Hillingdon is an area of Uxbridge within the London Borough of Hillingdon, centred 14.2 miles (22.8 km) west of Charing Cross. It was an ancient parish in Middlesex that included the market town of Uxbridge. During the 1920s the civil parish bore a rapid, planned increase in population and housing, and was absorbed by Uxbridge Urban District in 1929. It has formed part of Greater London since 1965.

Much of Hillingdon has lasting, albeit minor, administrative effect as the current Hillingdon East ward for electing councillors to Hillingdon London Borough Council. In November 2010, the ward had a recorded population of 12,403.

History

Toponymy
The name Hillingdon appears in the Domesday Book (1086) as Hillendone, possibly meaning "hill of a man named Hille". The name could also mean 'hill of a woman named Hilda'.

Local government
Hillingdon was an ancient parish, and had within it the chapelry of Uxbridge, which became a separate civil parish in 1866. When a local board of health was created for Uxbridge, the western part of Hillingdon parish was included within it. Under the Local Government Act 1894, Hillingdon parish was divided in two along the boundary of the board of health district. Hillingdon West became, with Uxbridge, part of the Uxbridge Urban District. Hillingdon East, now governed by the Hillingdon East Parish Council, became part of the Uxbridge Rural District. Uxbridge Rural District and the parish council were abolished in 1928, with the Hillingdon East parish being added to the Uxbridge Urban District. Both Hillingdon East and Hillingdon West parishes were abolished in 1938 and added to Uxbridge parish. In 1965, under the London Government Act 1963, Hillingdon became the name of the westernmost borough of Greater London.

Urban development
The A40 (Western Avenue) was rerouted in the early 1990s to run slightly north of its original route, thereby allowing traffic to flow without interruption at the junction of Hillingdon Circus. Hillingdon tube station was required to be demolished in order for the new road to be constructed, and a new station was opened further south along the line in 1994, winning the Underground Station of the Year award for that year.

Parliamentary constituency
Hillingdon is a traditional Conservative stronghold lying within the Uxbridge and South Ruislip constituency, represented since 2015 by Boris Johnson. Before that, John Randall MP had represented the constituency since 1997, following the death of fellow Conservative Sir Michael Shersby.

Education
Primary schools in Hillingdon include Oak Farm Juniors, St Bernadette's Roman Catholic Primary School, St Helen's College, Hillingdon Primary and Ryefield Primary.

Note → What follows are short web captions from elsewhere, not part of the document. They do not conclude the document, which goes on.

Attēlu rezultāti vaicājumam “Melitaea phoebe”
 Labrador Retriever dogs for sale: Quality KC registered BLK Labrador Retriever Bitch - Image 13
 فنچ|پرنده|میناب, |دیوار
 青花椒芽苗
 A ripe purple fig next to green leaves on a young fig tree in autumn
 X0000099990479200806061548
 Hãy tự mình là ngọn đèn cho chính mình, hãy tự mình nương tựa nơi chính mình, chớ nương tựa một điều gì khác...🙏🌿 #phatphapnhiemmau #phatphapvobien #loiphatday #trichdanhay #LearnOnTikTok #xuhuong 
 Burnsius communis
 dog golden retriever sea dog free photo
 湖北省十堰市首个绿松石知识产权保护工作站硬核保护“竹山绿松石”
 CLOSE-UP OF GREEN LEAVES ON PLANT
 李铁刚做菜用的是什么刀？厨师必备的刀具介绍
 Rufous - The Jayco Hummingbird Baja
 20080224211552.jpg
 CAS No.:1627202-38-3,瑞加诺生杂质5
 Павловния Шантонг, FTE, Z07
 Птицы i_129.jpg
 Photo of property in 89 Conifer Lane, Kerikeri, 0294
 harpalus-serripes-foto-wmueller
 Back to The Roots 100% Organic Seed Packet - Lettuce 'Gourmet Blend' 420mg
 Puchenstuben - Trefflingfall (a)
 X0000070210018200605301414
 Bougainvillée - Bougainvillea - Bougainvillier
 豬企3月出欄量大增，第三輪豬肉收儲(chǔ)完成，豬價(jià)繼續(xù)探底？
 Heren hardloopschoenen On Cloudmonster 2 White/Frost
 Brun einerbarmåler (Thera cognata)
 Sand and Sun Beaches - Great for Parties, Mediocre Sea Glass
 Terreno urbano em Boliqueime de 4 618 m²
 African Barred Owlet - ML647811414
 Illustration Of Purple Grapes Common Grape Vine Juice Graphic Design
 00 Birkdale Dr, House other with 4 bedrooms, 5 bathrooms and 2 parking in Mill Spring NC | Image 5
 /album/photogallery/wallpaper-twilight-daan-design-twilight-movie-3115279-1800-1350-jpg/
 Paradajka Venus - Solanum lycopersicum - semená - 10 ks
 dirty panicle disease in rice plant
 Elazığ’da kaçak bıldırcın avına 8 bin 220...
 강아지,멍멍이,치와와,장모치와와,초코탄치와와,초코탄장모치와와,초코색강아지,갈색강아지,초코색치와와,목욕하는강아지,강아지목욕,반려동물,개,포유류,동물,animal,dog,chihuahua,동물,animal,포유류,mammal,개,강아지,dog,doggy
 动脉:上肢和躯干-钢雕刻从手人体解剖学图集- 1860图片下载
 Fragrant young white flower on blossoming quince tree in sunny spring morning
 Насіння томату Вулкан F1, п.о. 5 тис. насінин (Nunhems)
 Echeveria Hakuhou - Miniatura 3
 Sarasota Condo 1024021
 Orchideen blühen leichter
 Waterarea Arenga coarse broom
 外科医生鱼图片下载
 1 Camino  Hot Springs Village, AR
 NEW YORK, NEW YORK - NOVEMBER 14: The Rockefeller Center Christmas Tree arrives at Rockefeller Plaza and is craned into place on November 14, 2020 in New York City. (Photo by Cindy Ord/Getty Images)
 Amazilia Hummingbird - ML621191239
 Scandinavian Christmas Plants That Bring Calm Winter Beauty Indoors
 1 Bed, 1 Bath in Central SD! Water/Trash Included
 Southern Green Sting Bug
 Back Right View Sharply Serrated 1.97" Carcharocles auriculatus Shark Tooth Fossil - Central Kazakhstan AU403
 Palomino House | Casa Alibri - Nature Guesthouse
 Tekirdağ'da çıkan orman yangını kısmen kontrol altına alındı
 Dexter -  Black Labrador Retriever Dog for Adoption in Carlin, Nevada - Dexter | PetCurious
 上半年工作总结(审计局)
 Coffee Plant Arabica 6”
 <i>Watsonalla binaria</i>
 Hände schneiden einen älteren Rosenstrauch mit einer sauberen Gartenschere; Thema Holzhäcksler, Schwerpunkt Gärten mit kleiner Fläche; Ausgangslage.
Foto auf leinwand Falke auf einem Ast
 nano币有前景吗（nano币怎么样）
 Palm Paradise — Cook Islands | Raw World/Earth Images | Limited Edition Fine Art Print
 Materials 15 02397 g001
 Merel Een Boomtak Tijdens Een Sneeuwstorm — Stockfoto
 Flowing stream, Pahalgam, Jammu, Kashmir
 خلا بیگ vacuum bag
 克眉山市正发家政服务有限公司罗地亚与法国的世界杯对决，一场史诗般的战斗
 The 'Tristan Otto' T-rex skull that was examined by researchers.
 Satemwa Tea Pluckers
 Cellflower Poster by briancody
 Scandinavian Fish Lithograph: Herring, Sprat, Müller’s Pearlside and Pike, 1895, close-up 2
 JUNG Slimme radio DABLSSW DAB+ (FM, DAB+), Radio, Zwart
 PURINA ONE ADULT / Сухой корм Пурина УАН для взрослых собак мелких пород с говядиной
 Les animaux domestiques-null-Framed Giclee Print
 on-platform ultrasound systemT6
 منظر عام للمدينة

Secondary schools, ACS Hillingdon, Bishopshalt School, Oak Wood School, Vyners School and Swakeleys School for Girls.

Moorcroft School in Colham Green is a special school, run by the Eden Academy Trust. It was formerly located at Moorcroft Park on Harlington Road, the old Moorcroft House hospital site.

Transport
Hillingdon tube station is served by the Metropolitan and Piccadilly lines of the London Underground.

West Ruislip tube station is served by the Central line of the London Underground.

The Oxford Tube and Oxford X90 services between Oxford and central London also serve Hillingdon.

Bus route U2 serves Hillingdon, operating between Uxbridge station and Brunel University.

Bus route A10 connects Uxbridge to Heathrow Central Bus Station.

Landmarks

Church of St John the Baptist

The church of St John the Baptist stands at the top of Hillingdon Hill, at its junction with Royal Lane. It was built in 1629, replacing an earlier building deemed to have become unsafe. In 1846, the architect George Gilbert Scott (father of George Gilbert Scott Junior) was asked to design an extension, as the increasing population meant the church was becoming too cramped. This extension was completed between 1847 and 1848 by the Fassnidge builders from Uxbridge.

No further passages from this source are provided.